U2's Bono to urge U.S. politicians not to cut aid programs
WASHINGTON (Reuters) - Irish rocker and anti-poverty campaigner Bono will appeal to Democrats and Republicans during a visit to Washington this week to spare U.S. development assistance programs from cuts as Congress tries to avert the looming "fiscal cliff" of tax hikes and spending reductions early next year.
The U2 lead singer's visit comes as the Obama administration and congressional leaders try to forge a deal in coming weeks to avoid the economy hitting the "fiscal cliff" - tax increases and spending cuts worth $600 billion starting in January if Congress does not act.
Analysts say the absence of a deal could shock the United States, the world's biggest economy, back into recession.
Kathy McKiernan, spokeswoman for the ONE Campaign, said Bono will hold talks with congressional lawmakers and senior Obama administration officials during the November 12-14 visit.

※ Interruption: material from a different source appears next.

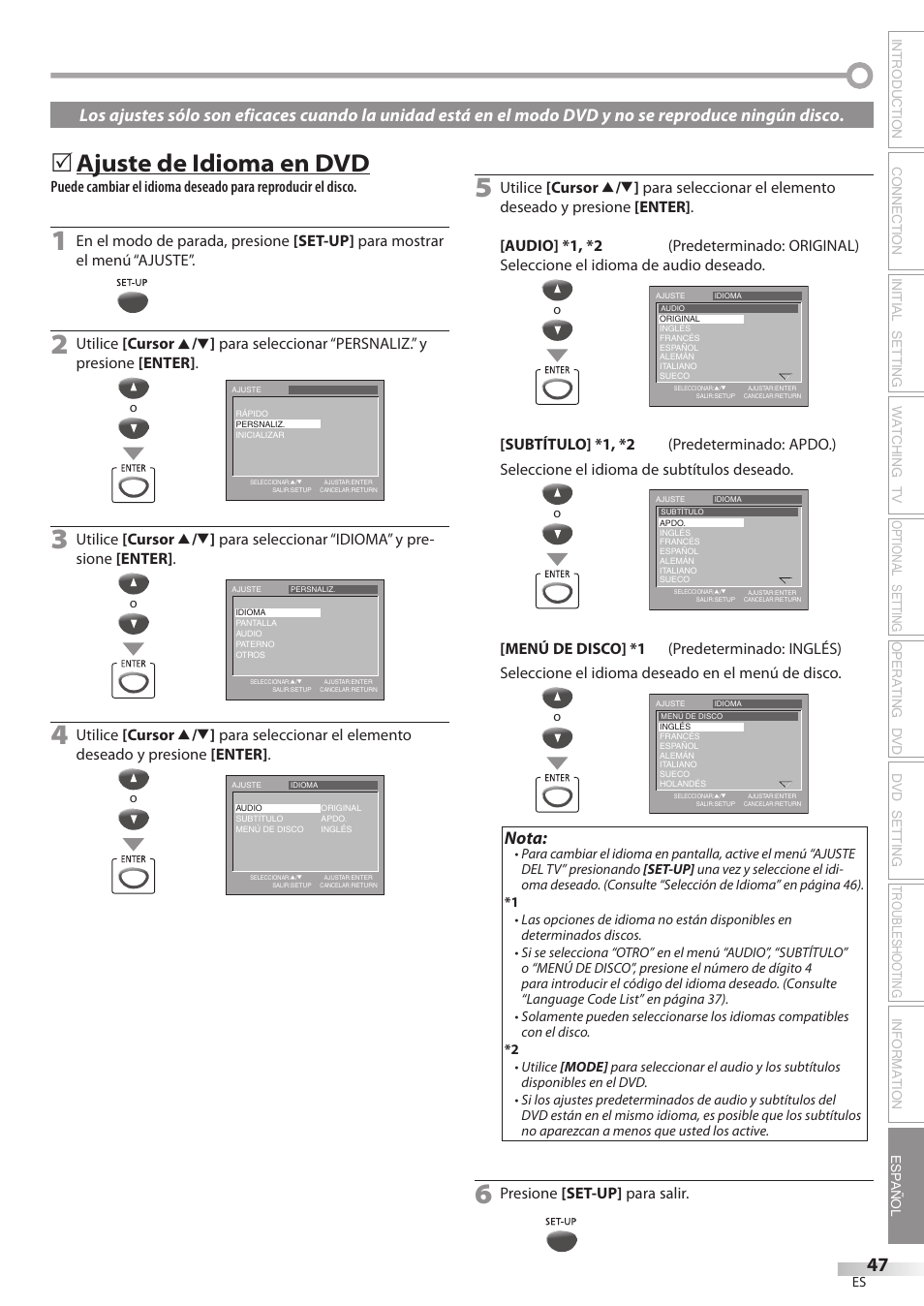 Ajuste de idioma en dvd, Nota, Presione [set-up] para salir | Philips Magnavox CD130MW8 User Manual | Page 47 / 90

During meetings he will stress the effectiveness of U.S. foreign assistance programs and the need to preserve them to avoid putting at risk progress made in fighting HIV/AIDS, tuberculosis and malaria, she said.
Bono, a long-time advocate for the poor, will argue that U.S. government-funded schemes that support life-saving treatments for HIV/AIDS sufferers, nutrition programs for malnourished children, and emergency food aid make up just 1 percent of the U.S. government budget but are helping to save tens of millions of lives in impoverished nations.
The One Campaign would not elaborate which lawmakers and senior Obama administration officials Bono will meet.
On Monday, Bono will discuss the power of social movements with students at Georgetown University. He will also meet new World Bank President Jim Yong Kim for a web cast discussion on Wednesday on the challenges of eradicating poverty.